Would the semantic organization of the brain be different in individuals from another culture ?

It is possible that semantic organization would vary between individuals that grew up in very different environments. For example, the way that the brain of someone who grew up in a western urban environment represents the world might be different from how the brain of someone who grew up in pre-industrial rainforest environment might represent the world. These differences probably aren’t huge in the visual system, because much of the organization of visual cortex is likely driven by structural features such as edges and surfaces that are present in both natural and man-made environments.

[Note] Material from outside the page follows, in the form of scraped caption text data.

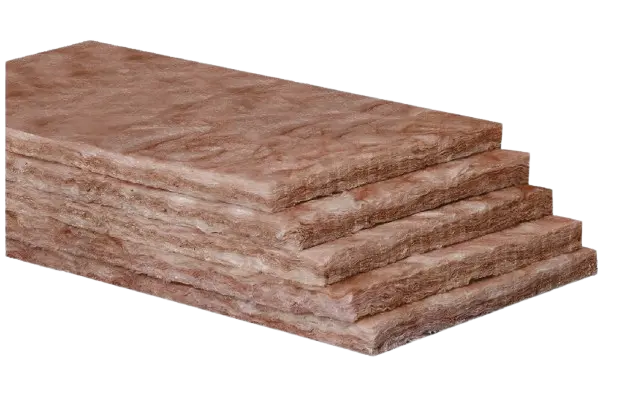 Vata Minerala EvoMineral, 600x1200x100 mm, 5,76 m²/bax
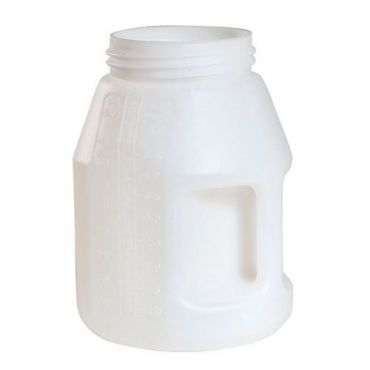 Oilsafe - Säilytysastia oil safe 5 litraa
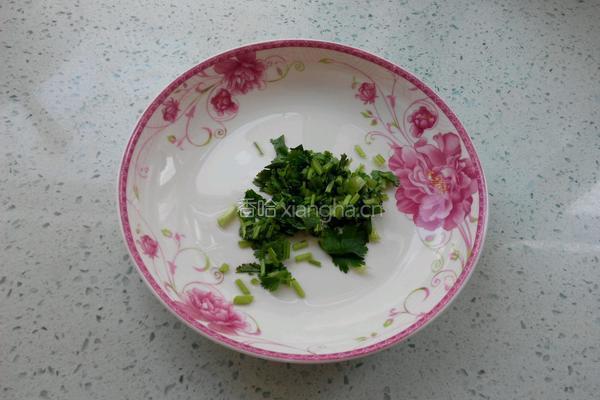 土豆炖鸡腿的做法图解7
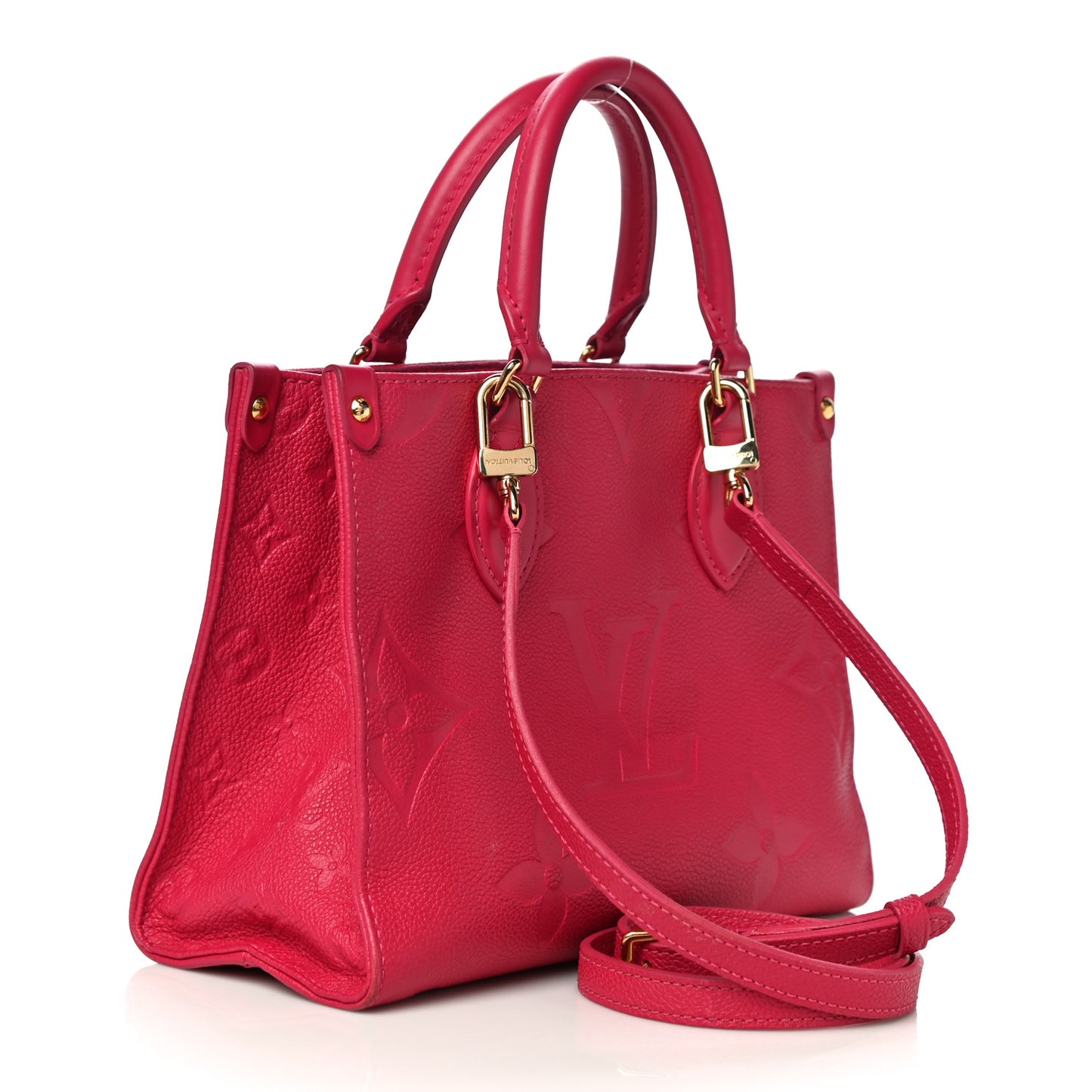 Empreinte Monogram Giant Onthego PM Freesia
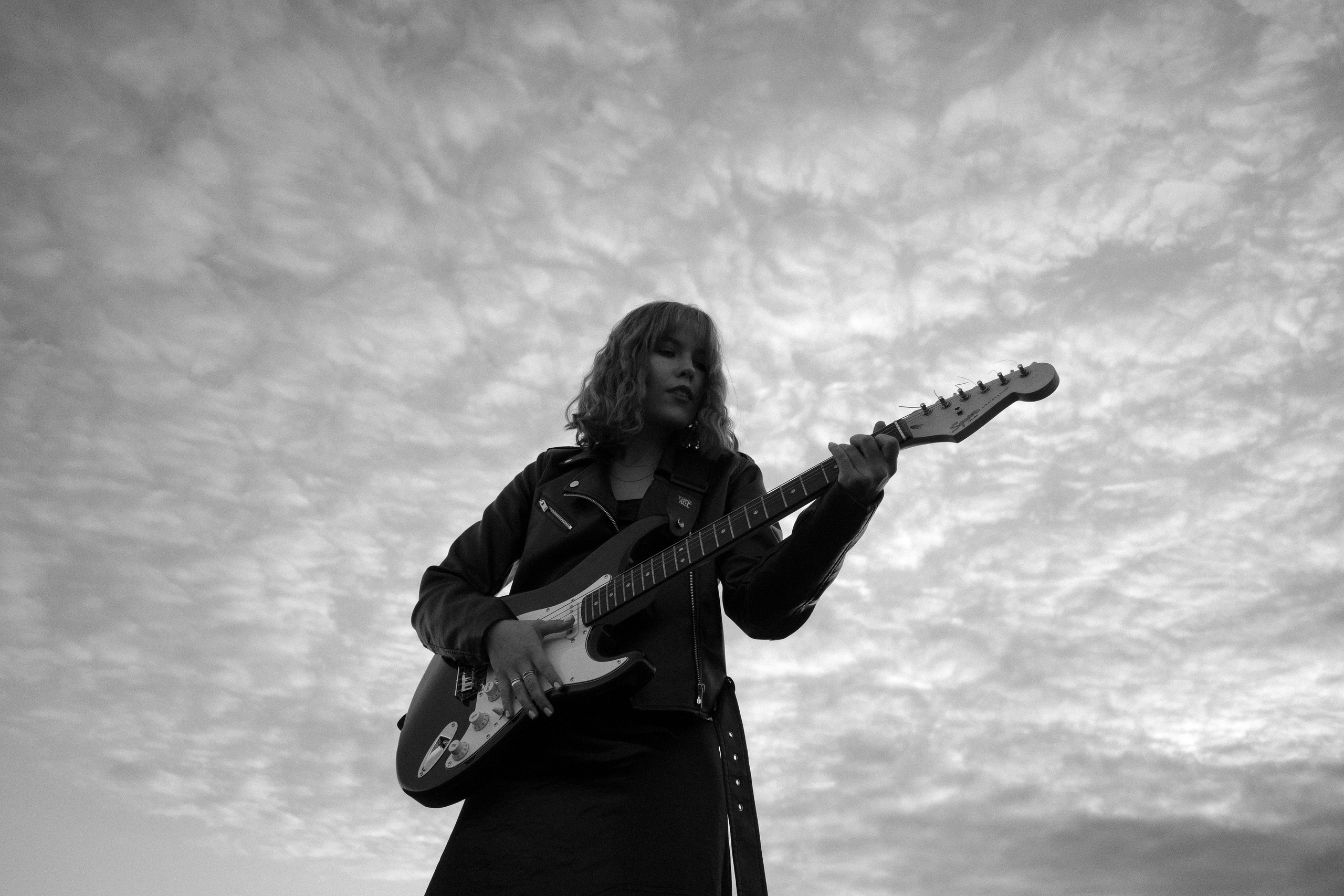 MaruGuitar. <3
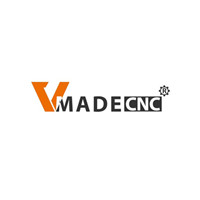 Logo Jinan Vmade CNC Machine Co.,Ltd.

But these differences are likely to be large in higher-order regions of the brain that are less tightly tied to the physical world.

When several categories are on screen at the same time in the movie, how can brain activity evoked by one category be separated from activity evoked by a different category?

In this study we used regularized regression to estimate the relationship between brain activity measurements and 1705 categories of objects and actions in the movies. The regression procedure works correctly even when multiple objects and actions appear on the screen simultaneously. There are some limitations: if two objects always appear together, then the regression procedure cannot discriminate between their effects. But fortunately, in natural movies the correlation between objects and actions is never perfect, so this is generally not a problem.

Why are results measured in terms of predictions rather than significance?

Most fMRI experiments focus on statistical significance. Statistical significance is important because it tells scientists that the thing that is being measured is not just random noise. However, a more rigorous and important criterion for any theory in science is its ability to predict the future. Because we seek to create a model that explains as much as possible about visual processing, we focus on predictive power rather than mere significance. To generate and test predictions we collect 2 different sets of data. The first set is used to estimate a semantic model for each voxel. The second set is used to validate the models by testing predictions of activity for each voxel.

Where is this research going?

We are now using the detailed category selectivity maps revealed here to answer specific questions about previously identified brain regions. We are also investigating how these maps are modulated by top-down influences such as attention. Finally we’re developing more detailed interactive maps that show how the brain responds to various sorts of perceptual and conceptual features. The approach used here and in our earlier papers (Kay et al., 2008; Naselaris et al., 2009; Nishimoto et al., 2011) provide a very powerful and quite general set of methods for recovering detailed information about the way that sensory and cognitive information are represented across the human brain. Therefore, we are also beginning to examine other cognitive processes such as language, decision making and so on.